**MATERIAL PROVIDED**
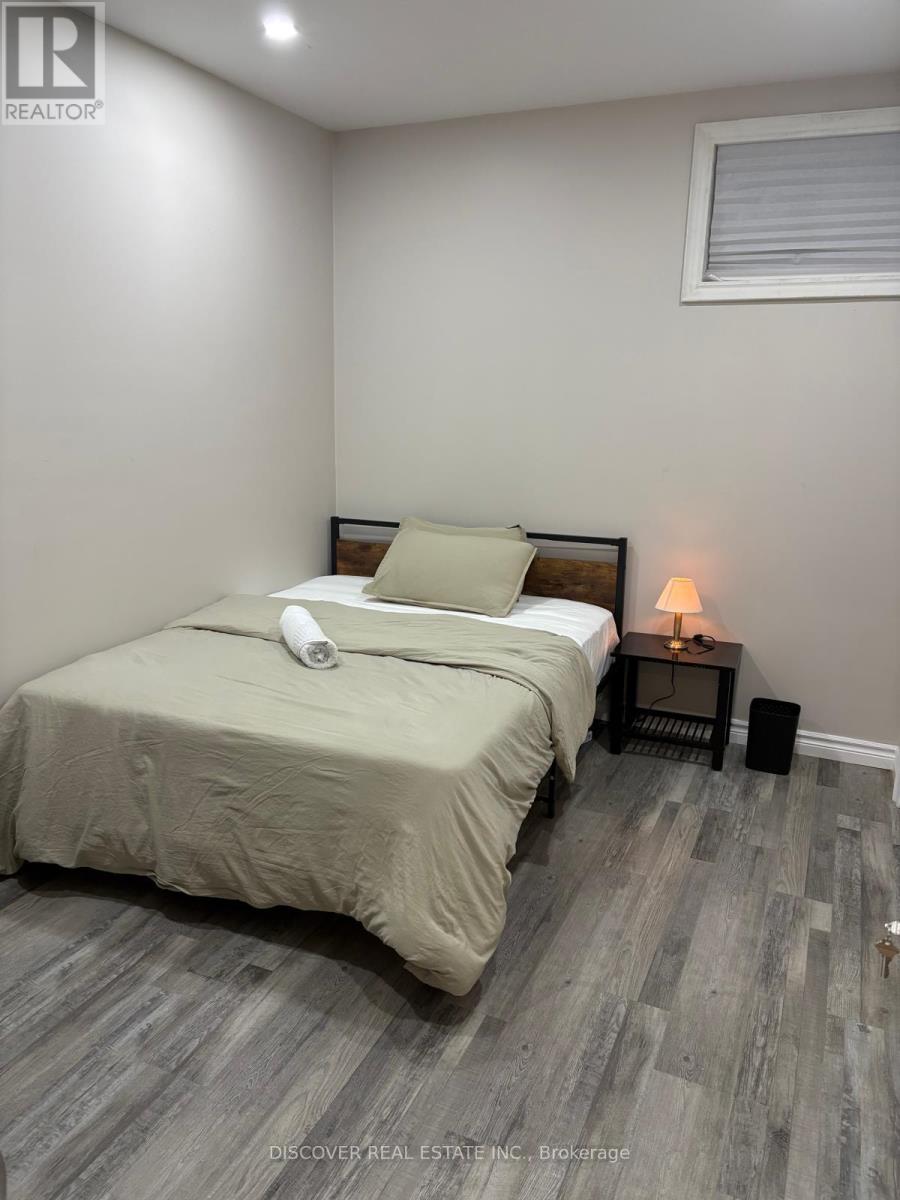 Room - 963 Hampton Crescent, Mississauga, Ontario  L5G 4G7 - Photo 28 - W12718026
...
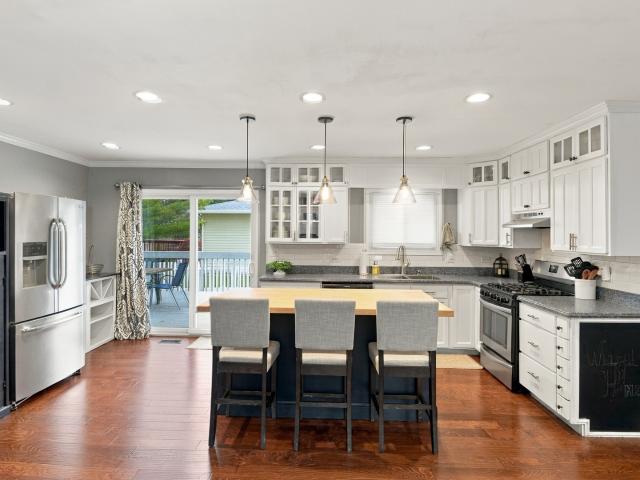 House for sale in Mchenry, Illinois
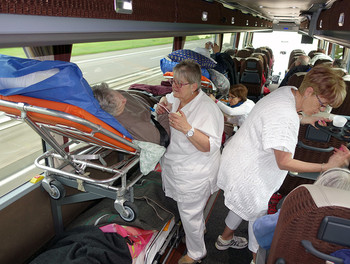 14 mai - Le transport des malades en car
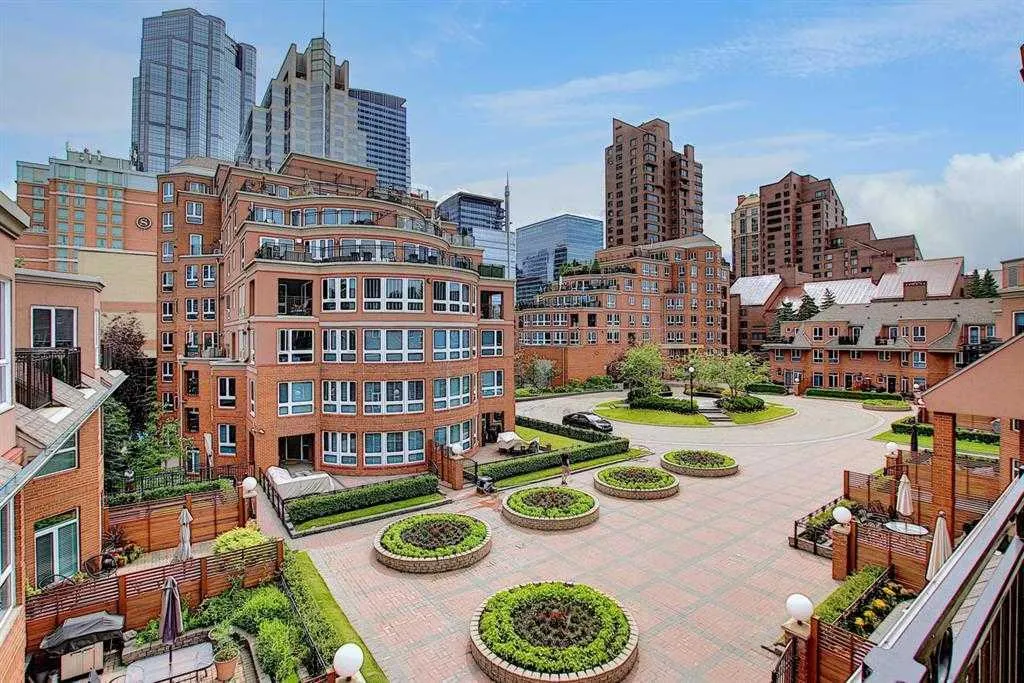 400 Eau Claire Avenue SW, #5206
==
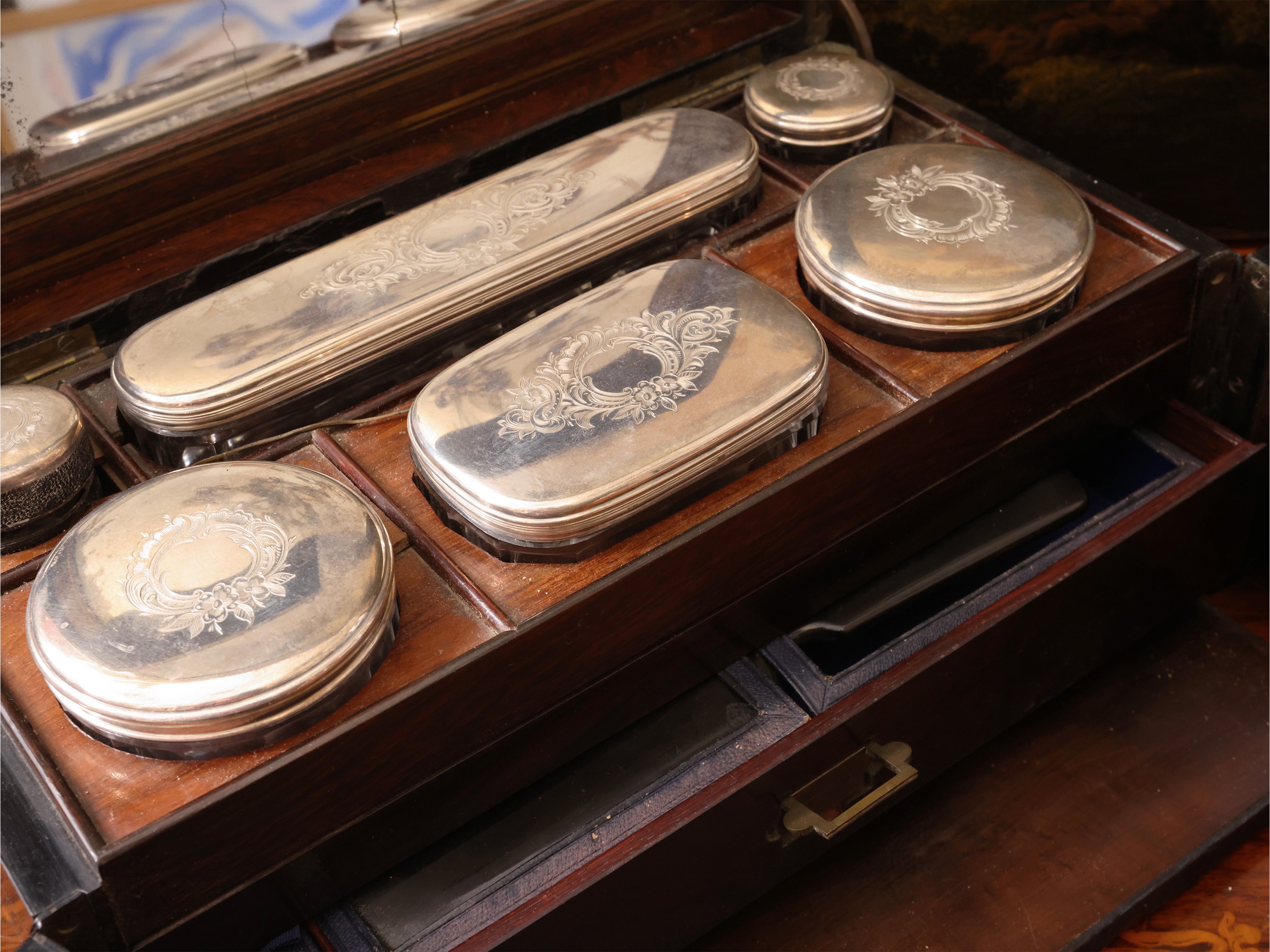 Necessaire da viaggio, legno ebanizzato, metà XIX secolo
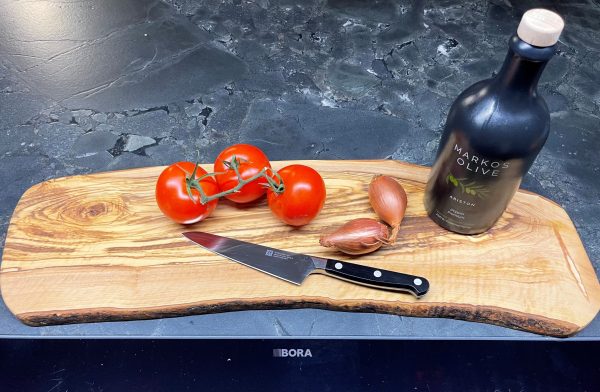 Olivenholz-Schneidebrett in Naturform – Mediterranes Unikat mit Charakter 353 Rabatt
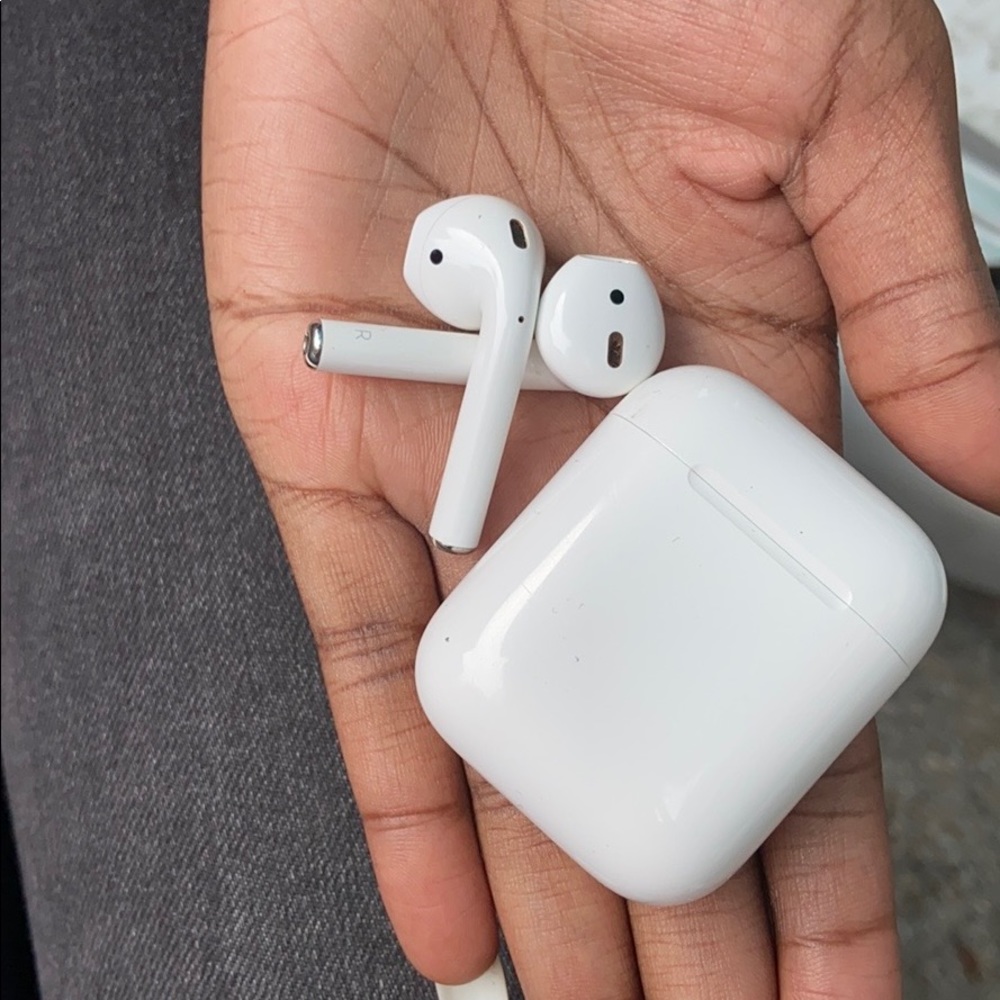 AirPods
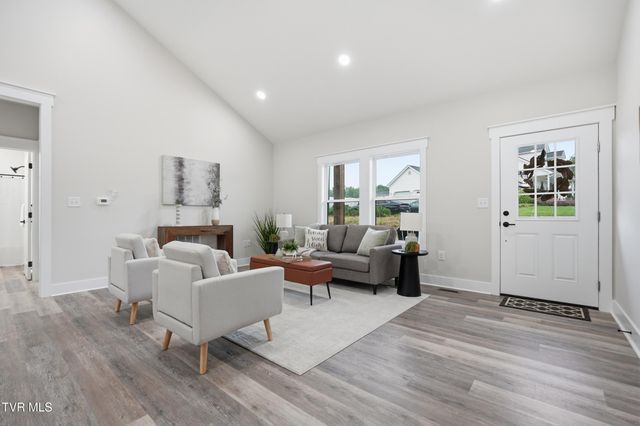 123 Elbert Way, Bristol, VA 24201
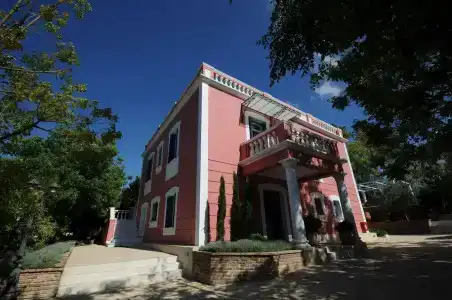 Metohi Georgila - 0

**YOUR GOAL**
Your copy should hold only the lines above from the one containing "Olivenholz-Schneidebrett in Naturform" through the one containing "Metohi Georgila - 0", exactly as written and free of pictures.

**OUTPUT OF THE EXERCISE**
 Olivenholz-Schneidebrett in Naturform – Mediterranes Unikat mit Charakter 353 Rabatt
 AirPods
 123 Elbert Way, Bristol, VA 24201
 Metohi Georgila - 0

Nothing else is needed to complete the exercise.